Maynard comes at it a little differently.

He said the most important ingredient is heart. After that, he is firmly in the beans camp, saying several different kinds belong in the pot, along with meat that has had time to simmer. He is not much for fiery chili, preferring spices that build flavor instead of heat.

His secret ingredient is peanut butter – specifically, Peter Pan.

“The peanut butter brings out a nutty, smooth flavor in the chili,” he said.

Unusual or not, every chili cook worth his salt seems to keep one little trick to himself. The point is not to make the chili taste odd. The point is to make the next bite better than the last.

Saturday’s event had no shortage of chili or opinions. Lundy said the lodge had eight or nine extra pots on hand, with a couple of churches bringing chili in addition to the contest entries.

He also said Jacob Clark turned in a strong pot, with Josh Tye close behind. Tye, Lundy said with a laugh, had put in minimal effort and did not especially want to advance to Spring in the Hollow, but found himself doing well anyway.

In the end, Clark won the tasters’ vote and will represent the lodge in the April 25 cook-off.

From San Antonio to the Square

What happened at Farris Creek on Saturday fits into a much older American story.

Chili in the United States traces back to chili con carne traditions rooted in Mexican and Tex-Mex foodways, especially in San Antonio, where the Chili Queens helped make it a popular public dish generations ago. In time, chili traveled well beyond Texas and into church kitchens, cook-offs, and home stoves across the country.

Which is how one of the great American food arguments traveled with it: beans or no?

In strict Texas-style chili, the answer is often no. For purists, beans get in the way of the meat, peppers, and red gravy that define the bowl.

In plenty of home kitchens, though, beans are not a scandal. They stretch the pot, carry flavor, and help feed more people. In other words, they do exactly what supper is supposed to do.

So the honest answer is this: If you are cooking competition Texas red, leave the beans out. If you are feeding family, friends, lodge brothers, or a room full of hungry neighbors, beans have every right to be there.

Nobody comes for bland chili.

A Bowl for Jackie Byrom

That is the beauty of chili. It can be dressed up for a festival, carried into a fellowship hall, or ladled out at a fundraiser. It can be mild or hot, with beans or without, built from old family instinct or a cook’s own secret twist.

At its best, chili still does what the best Southern food has always done: brings people in, sits them down, and reminds them they belong to one another.
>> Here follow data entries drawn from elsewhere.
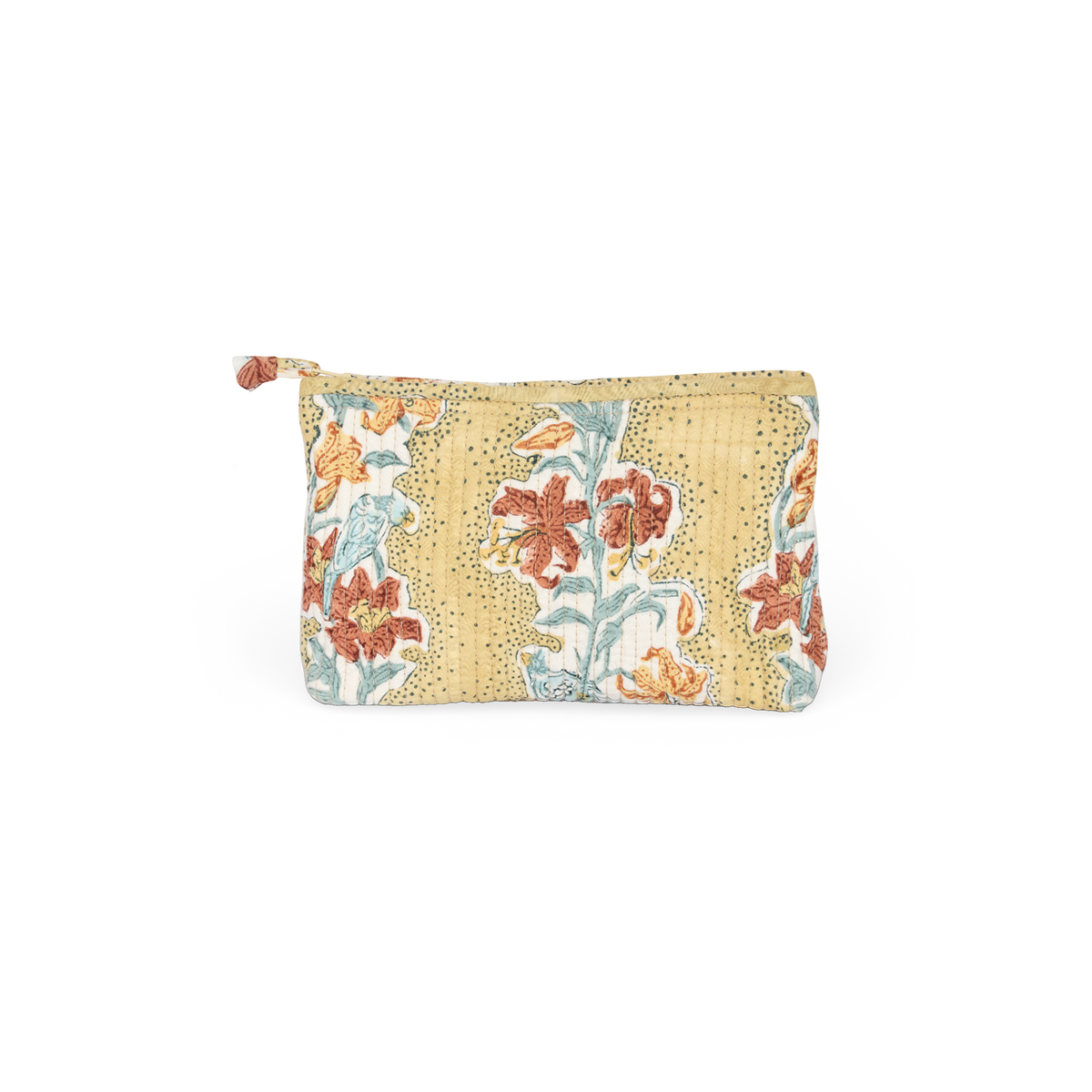 Amber Garden – Hand Block Printed Quilted Cotton Pouch  (Small – 7.5" × 4.5" × 2")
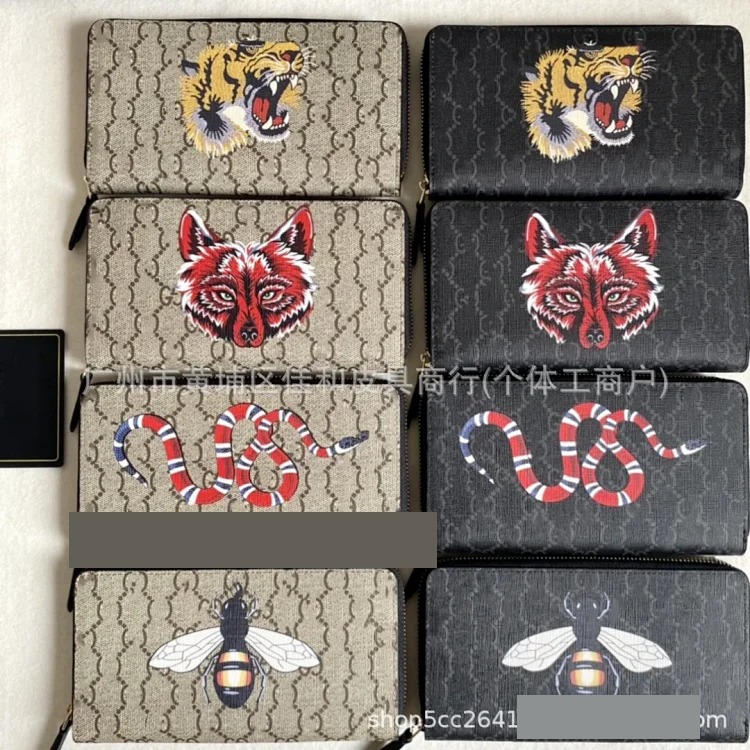 Cross-border foreign trade men's wallet long silk screen animal wallet European and American style zipper casual clutch factory wholesale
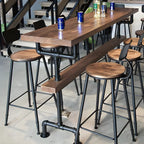 Rectangular Brown Pine Wood Bar Table with Footrest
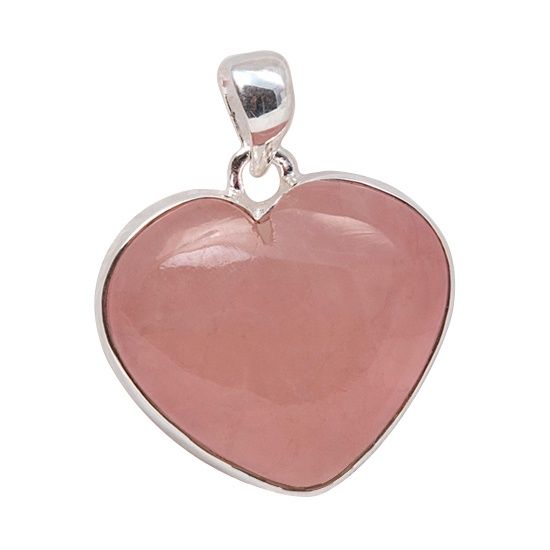 Rose Quartz Rosemary's Heart Pendant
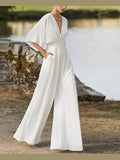 Dress Jumpsuit Explosive Deep V High Waist Wide Leg Trousers - Courbe et Compagnie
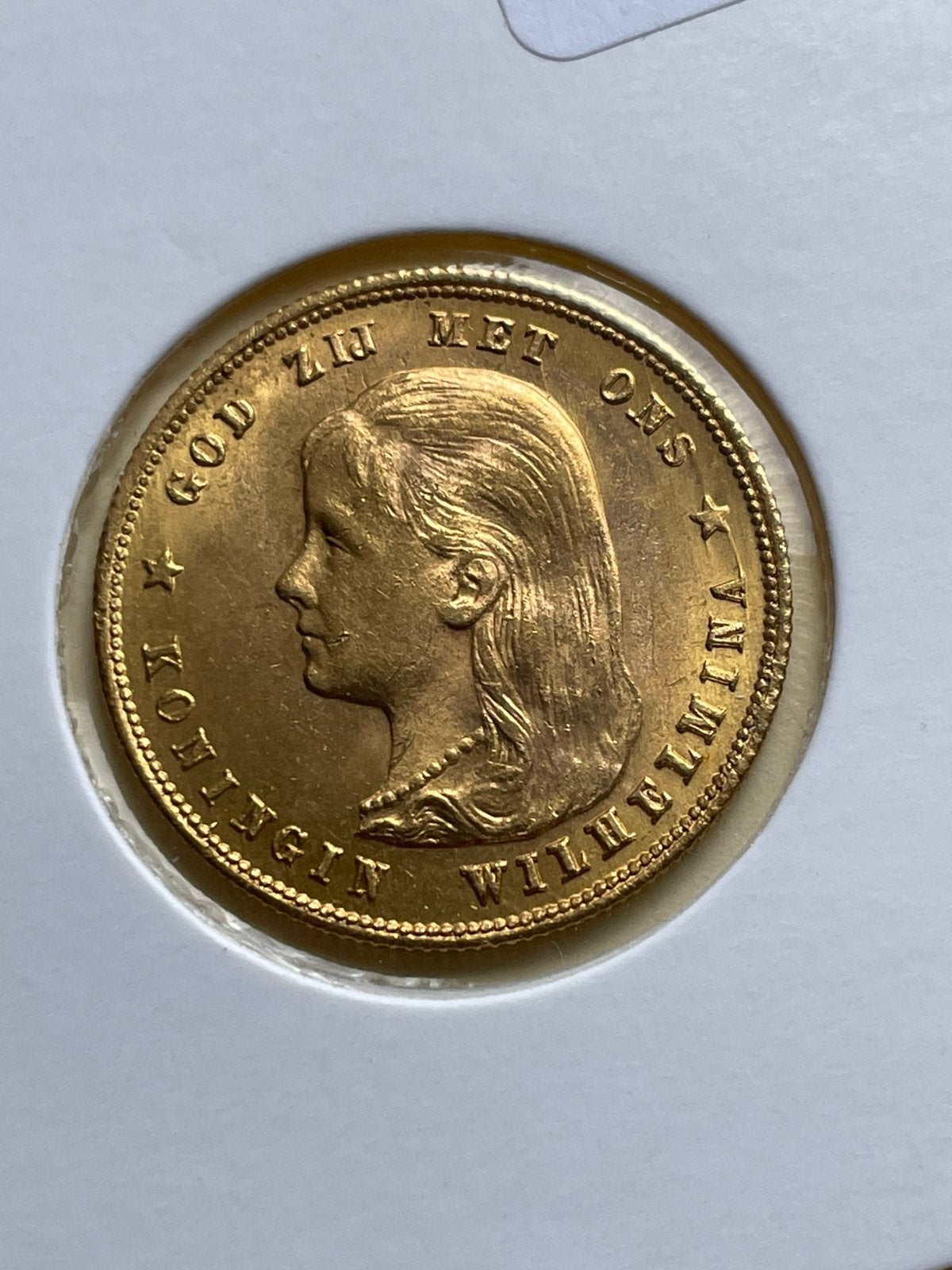 Gouden tientje 1897 overslag over 97 met dubbele 10, Koningin Wilhelmina, Losse munt, 10 gulden, Goud
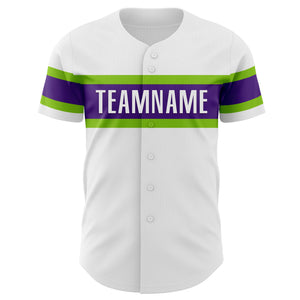 Custom White Purple-Neon Green Authentic Baseball Jersey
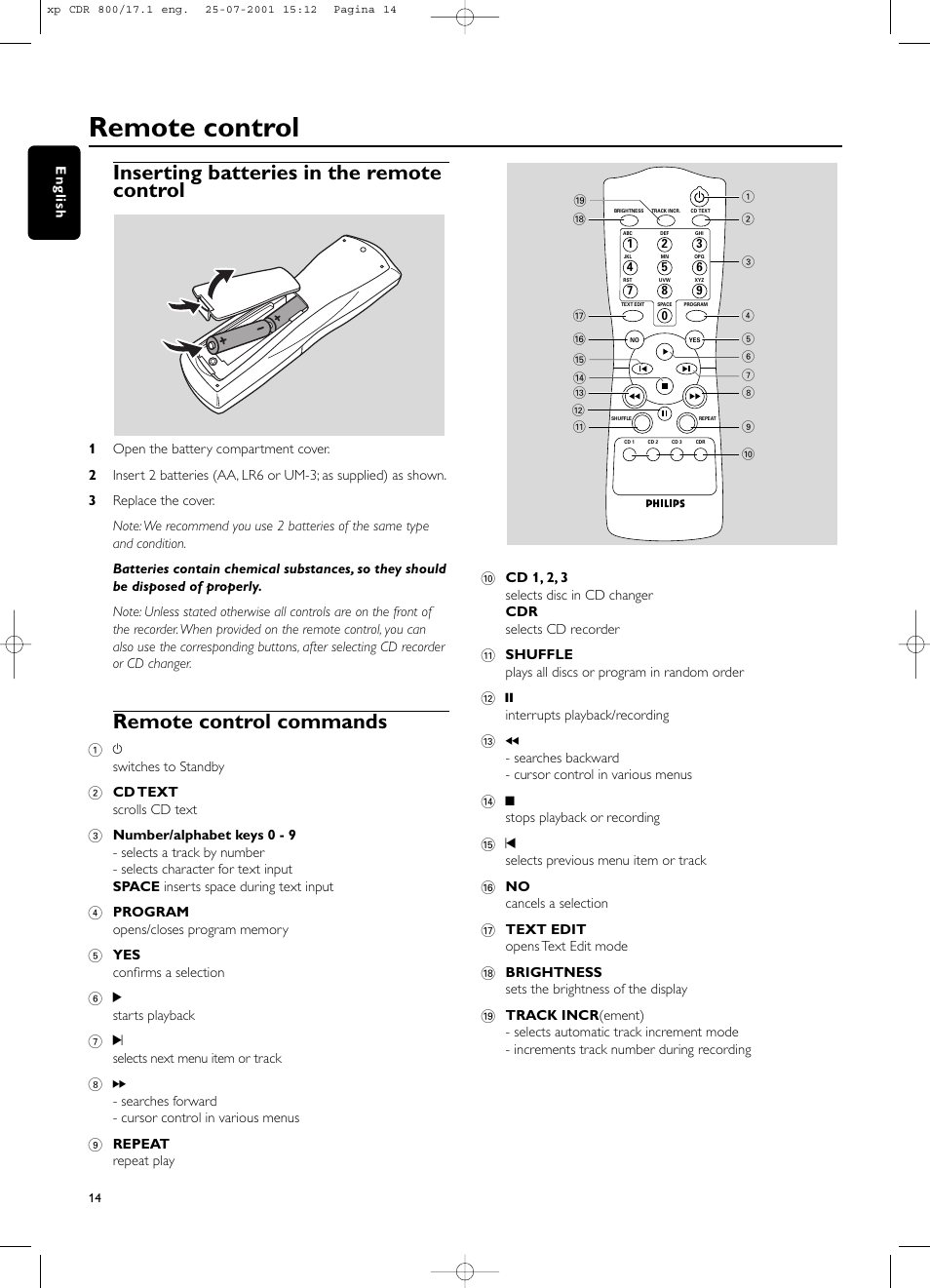 Remote control, Inserting batteries in the remote control, Remote control commands | Philips CDR800 User Manual | Page 17 / 83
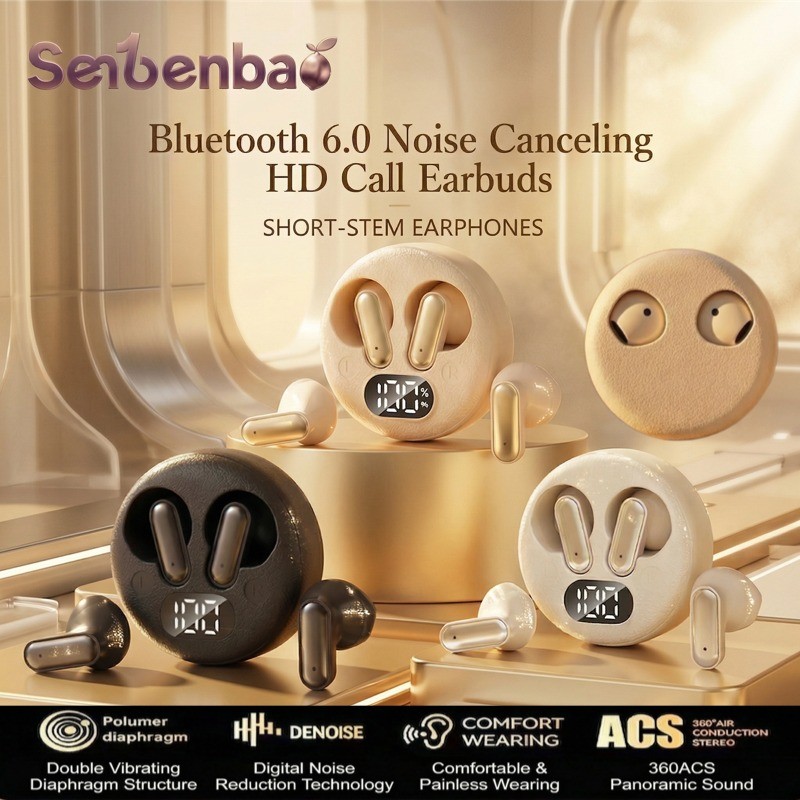 Senbenbao S19 หูฟังไร้สายบลูทูธหูฟังด้ามสั้นออกแบบหน้ายิ้ม,ไฮไฟสเตอริโอ,จอแสดงผล LED,ไมโครโฟน IPX5 ENC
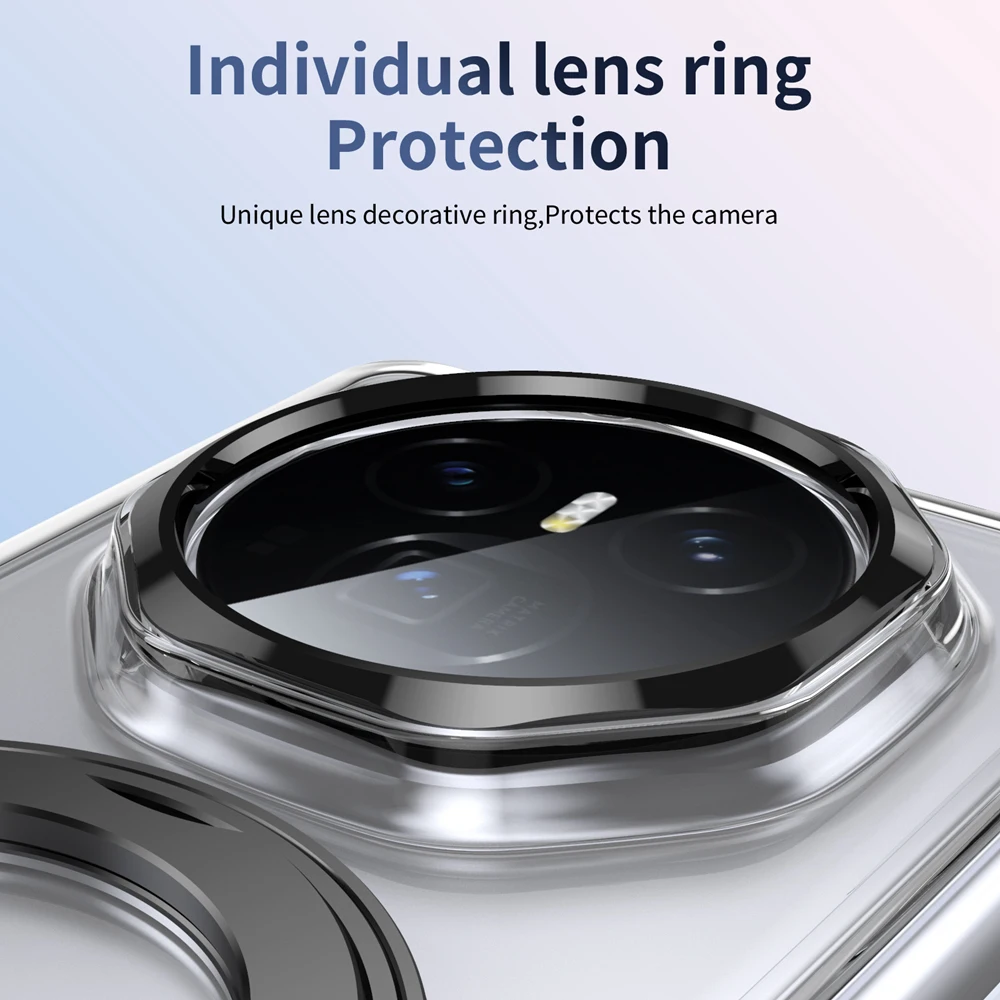 360° Rotating Magnetic Ring Stand Phone Case with Glass Screen Protector - Transparent Hard Shell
On Saturday at the Masonic Lodge, it did exactly that. The cooks brought their best. The tasters took their work seriously. And in that oddly quiet room – with the spring breeze moving outside on the Square, and the scrape of ladles carrying inside – a community gathered in quiet appreciation, not only for the chili in front of them, but for Jackie Byrom, and for the simple conviction that no neighbor ought to face a hard road alone.

Pat's vs. Geno's

Several members of the Byrom family were at the pre=qualifier, including (front) Karlee Byrom Ralston and Kaycee Byrom; (back) Isaiah Ralston, lodge member Nathan Epperson, Chris Byrom, and Jacob Byrom.